Nevertheless, one problem remains – that of nationalism. Here, we speak not of patriotism. To be patriotic is a Christian virtue. It means to love that part of God’s creation where we were born and grew up, and in such a way that we can then learn to love and appreciate other parts of God’s creation, other peoples and their languages and traditions. For he who does not love his own cannot love others. No, here we speak of nationalism, which is simply another word for worldliness, the exclusive attachment to a particular human-created nation and state, and in such a way that there is hatred for other races and places. In the Diaspora such nationalism has taken two forms.

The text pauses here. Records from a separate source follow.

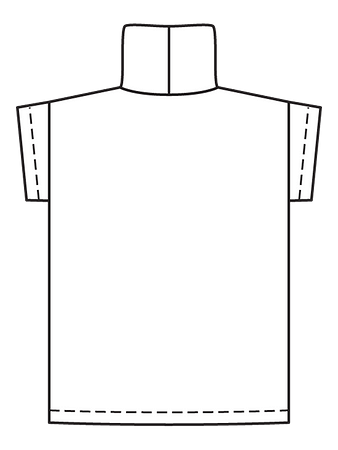 Технический рисунок пуловера прямого кроя спинка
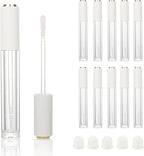 COSIDEA 10pcs Empty Round 4ml 0.13oz lip gloss tubes with soft silicon tip wand Gold white lid Lipgloss tube containers for lip oil packing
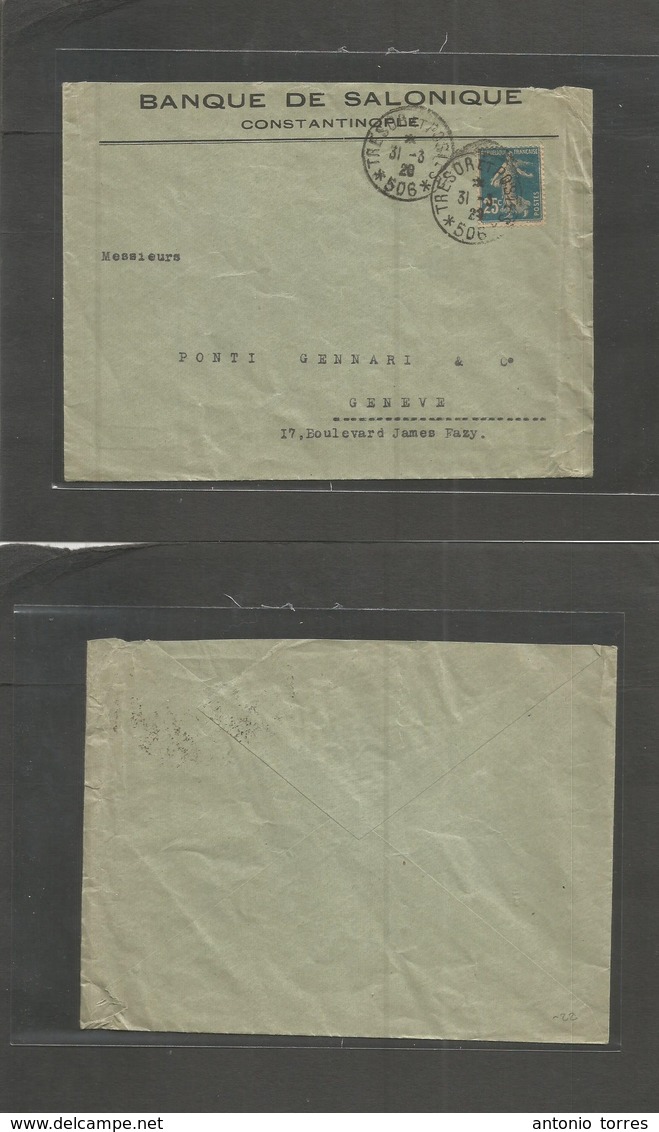 Egypt. 1920 (31 March) Constantinople - Switzerland, Geneve Fkd Env 25c Blue Semeuse, Tied "TP- 506" Fine. - Andere & Zonder Classificatie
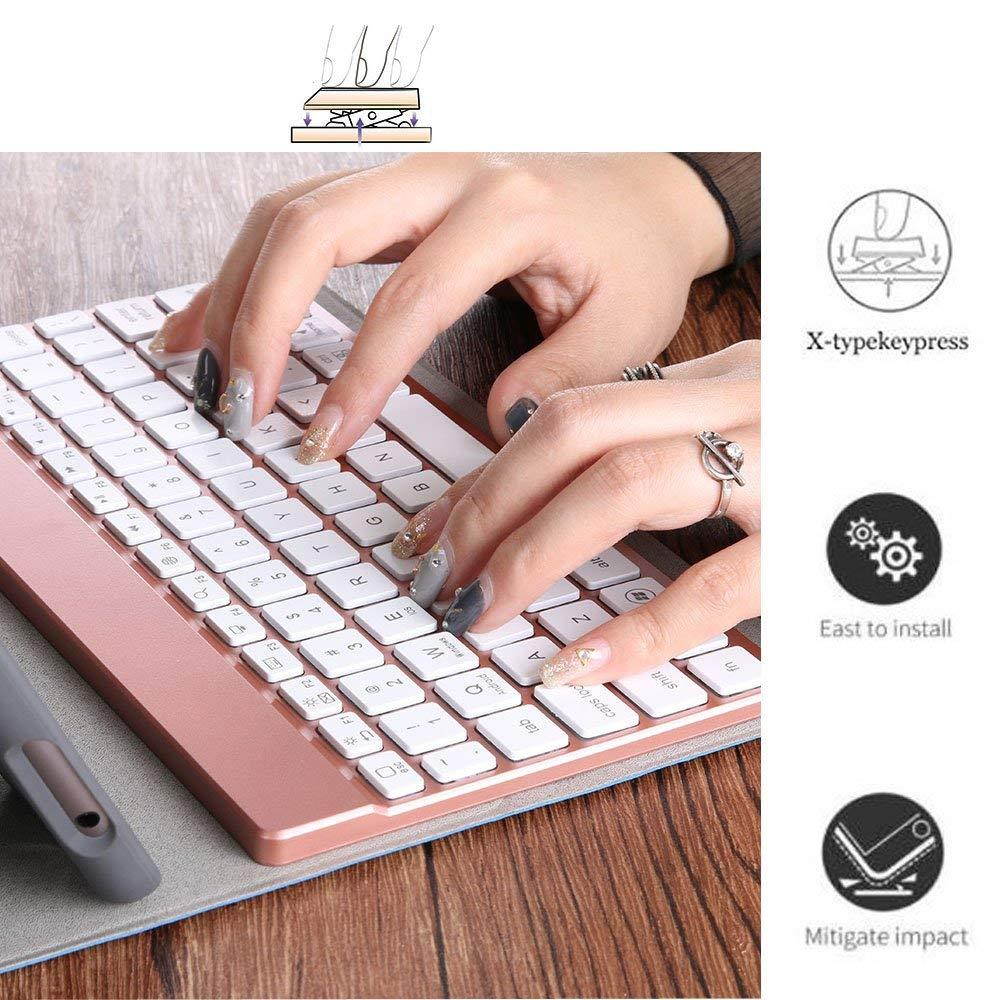 iPad Pro 10.5 Keyboard Case,7 Colors Backlit with Built-in Apple Pencil Holder Slim Folio Shell Protective Stand leather Cover Removable Wireless Bluetooth Keyboard for Apple iPad Pro 10.5 (Rose Gold)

Firstly, such nationalism may refer to the ‘ethnic’, separatist attitudes of immigrants, who have chosen to live in nationalist ghettos. They have expressed a certain contempt for the country that has accepted them and perhaps even welcomed them. This contempt takes the form of a wilful and ungrateful ignorance of the host country’s language, culture and history and a knowledge only of the host country’s faults and bad sides. As a result they may have hypercritical and ungracious attitudes towards it. The Orthodoxy of such immigrants is generally coloured by strongly political and nationalist attitudes. These are born of historic grievances originating in the history of their ancestral country. For this reason, often the second and third generations, ignorant of the ancestral country and even its language, give up on a form of Orthodoxy, which seems to be more about ethnic chips on shoulders than Christian love.
Secondly, such nationalism may refer to the ethnic, ‘autocephalist’ attitudes of native-born inhabitants of the country in question, who have accepted a particular form of the Orthodox Faith brought to them by immigrants. They too may chose to live in nationalist, ‘ethnic’ (e.g. ‘Anglo-Saxon’) ghettos, with a certain contempt for the country of the immigrants who have accepted them and perhaps even welcomed them. This contempt takes the form of a wilful and ungrateful ignorance of the immigrants’ country’s language, culture and history and a knowledge only of the country’s faults and bad sides. As a result they may have hypercritical and ungracious attitudes towards it. The Orthodoxy of such native converts is generally coloured by strongly political and nationalist attitudes. These are born of historic grievances originating in the history of their native country. For this reason, often the second and third generations of converts give up on a form of Orthodoxy, which seems to be more about ethnic chips on shoulders than Christian love.
Today, Orthodox homelands are largely freed from the curse of militant atheism, despite the onslaught of the ‘barbarianism with technology’ of the USA and the EU playing its Pontius Pilate. In such a world the separatist attitudes of ghettos, whether immigrant nationalist or native autocephalist, are dying out. The Centre has returned and there is no place for the equally ethnic extremist separatism of either group. When the Centre was absent, authority was usurped by pretenders. Today, the Mother-Churches which were long absent and captive are now present again. The time of the pretenders is over. We look forward to a time, when each nationality in the Diaspora will work together in united but flexible structures, which will allow all to express themselves freely, but in harmony together.